## Supplied data:
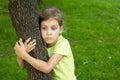 Girl with serious face stands, embracing tree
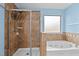 Bright bathroom featuring a glass-enclosed shower, a tub, and neutral tile at 241 Westgrove Ct, Durham, NC 27703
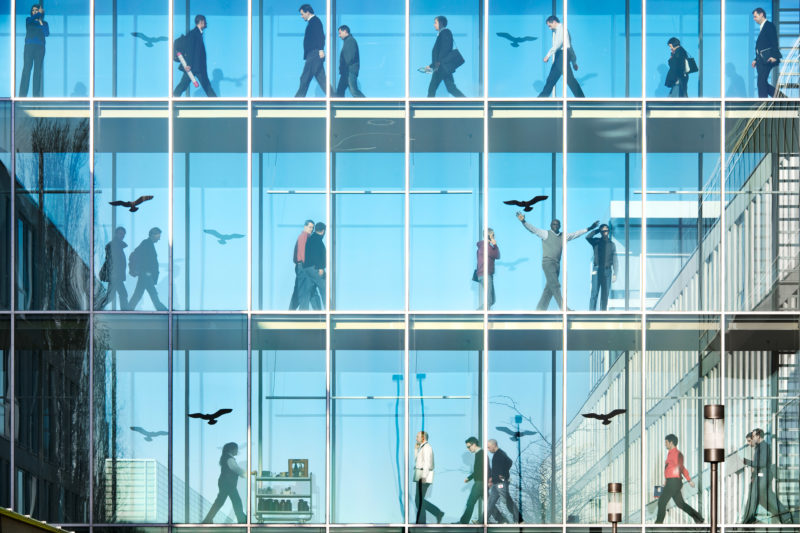 Architekturfotografie: Blick auf eine Firma und den gläsernen Verbindungsgängen in denen mittags auf allen Stockwerken Mitarbeiter unterwegs sind.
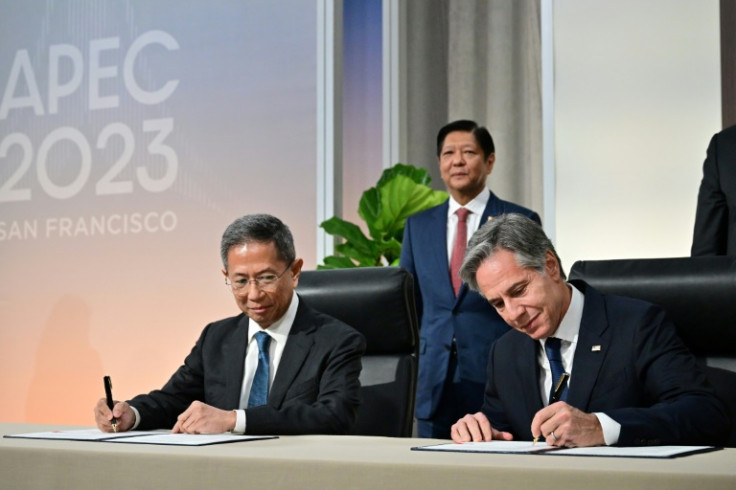 US Secretary of State Antony Blinken (R) and Philippines Secretary of Energy Raphael Lotilla sign a nuclear energy cooperation agreement in San Francisco, as Philippine President Ferdinand Marcos looks on
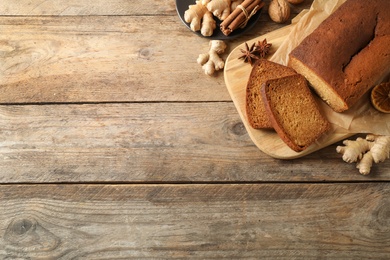 Delicious gingerbread cake and ingredients on wooden table, flat lay. Space for text Photo of Delicious gingerbread cake and ingredients on wooden table, flat lay. Space for text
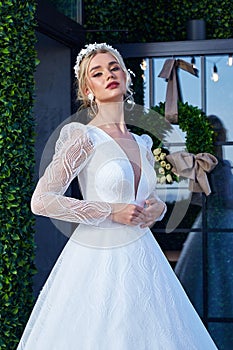 Beautiful tender young woman sexy blonde hair bride in a luxury white wedding dress lace chiffon Summer happiness awaits the groom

## What you will do:
Output the records above exactly as written, but leave out the pictures.

## Task output:
 Girl with serious face stands, embracing tree
 Bright bathroom featuring a glass-enclosed shower, a tub, and neutral tile at 241 Westgrove Ct, Durham, NC 27703
 Architekturfotografie: Blick auf eine Firma und den gläsernen Verbindungsgängen in denen mittags auf allen Stockwerken Mitarbeiter unterwegs sind.
 US Secretary of State Antony Blinken (R) and Philippines Secretary of Energy Raphael Lotilla sign a nuclear energy cooperation agreement in San Francisco, as Philippine President Ferdinand Marcos looks on
 Delicious gingerbread cake and ingredients on wooden table, flat lay. Space for text Photo of Delicious gingerbread cake and ingredients on wooden table, flat lay. Space for text
 Beautiful tender young woman sexy blonde hair bride in a luxury white wedding dress lace chiffon Summer happiness awaits the groom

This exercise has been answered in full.